_Task_
Reproduce word for word every line from the one containing "Flag Finger Prints" to the final line of the data below; omit the pictures.

_Records for the task_
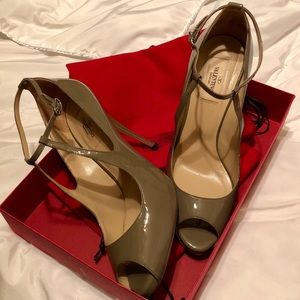Valentino Patent Leather Peep Toe Pumps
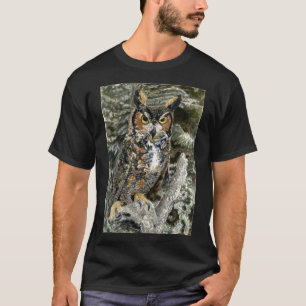 Kindergroßer gehörnte Eulen-grundlegender dunkle T-Shirt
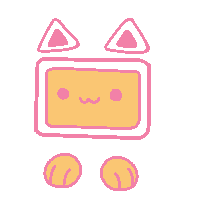 A yellow square with white borders, 2 yellow paws, 2 white cat ears and 2 pink dot eyes.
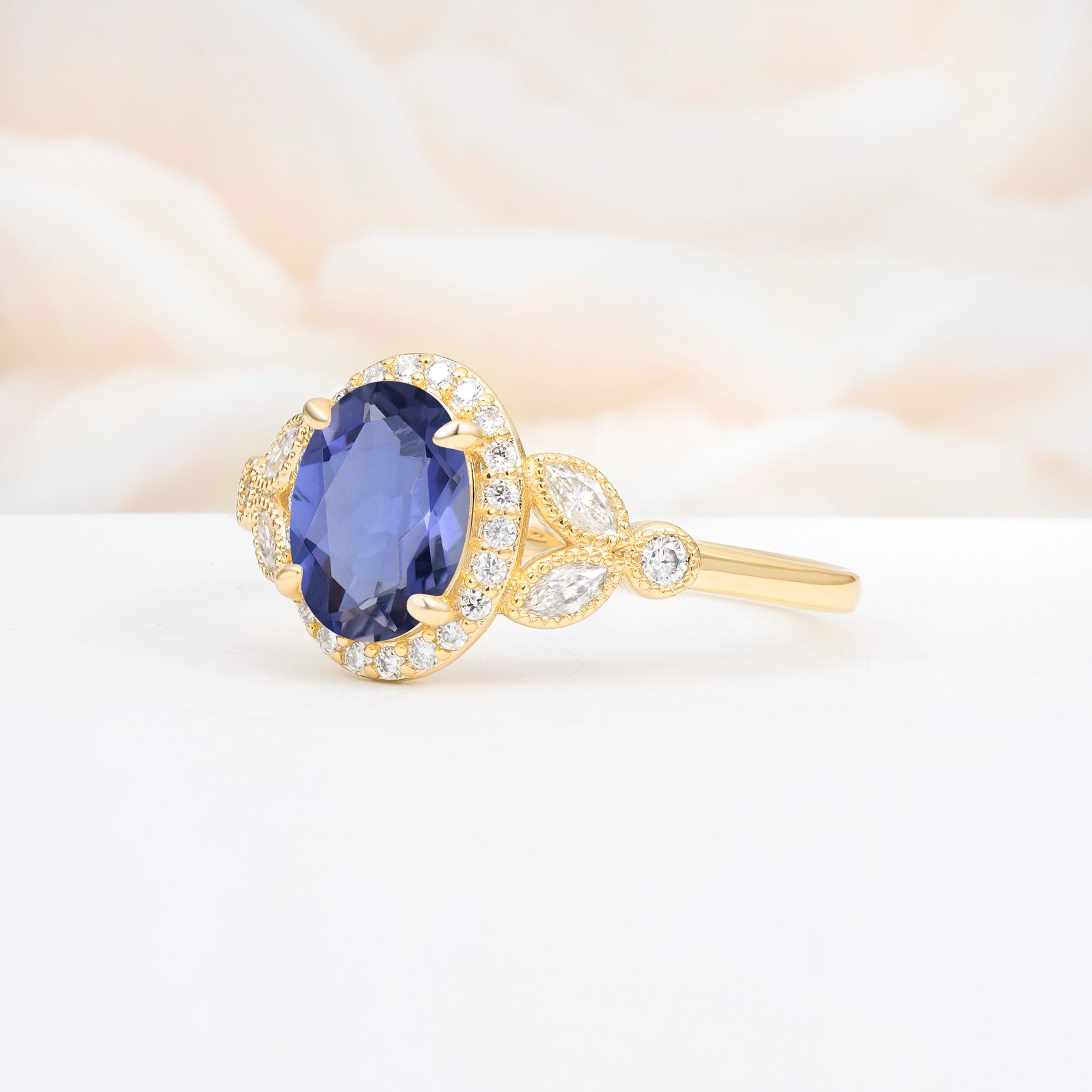 ML07033 Tanzanite Ring - White-Gold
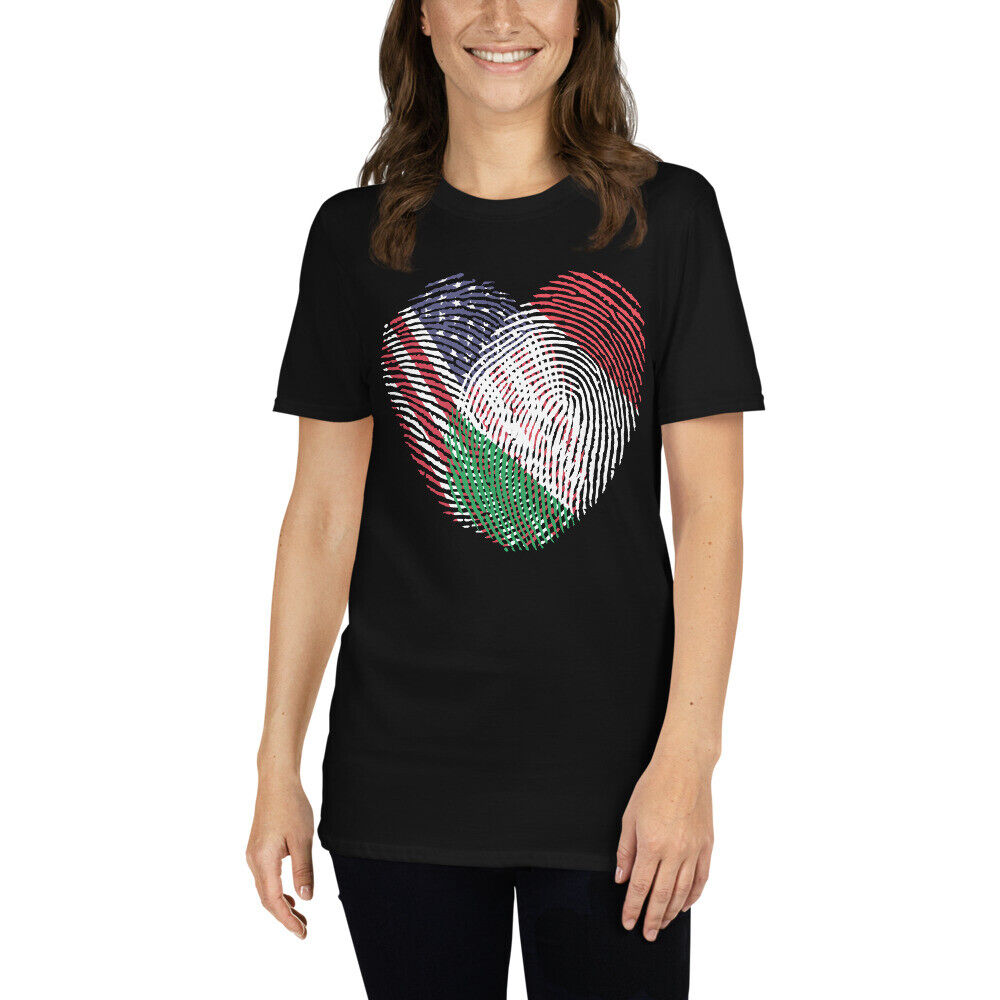 Flag Finger Prints Italy USA Italian Americans Pride Print Unisex T-Shirt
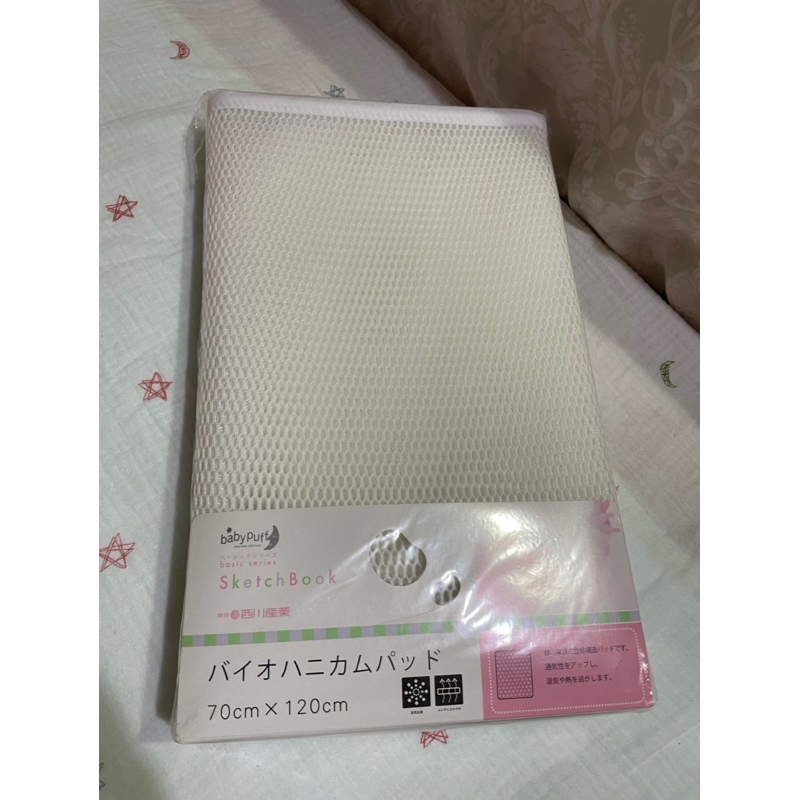 全新-東京西川 嬰兒床蜂窩型立體透氣涼墊/透氣床墊70*120cm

_Solution for this exercise_
 Flag Finger Prints Italy USA Italian Americans Pride Print Unisex T-Shirt
 全新-東京西川 嬰兒床蜂窩型立體透氣涼墊/透氣床墊70*120cm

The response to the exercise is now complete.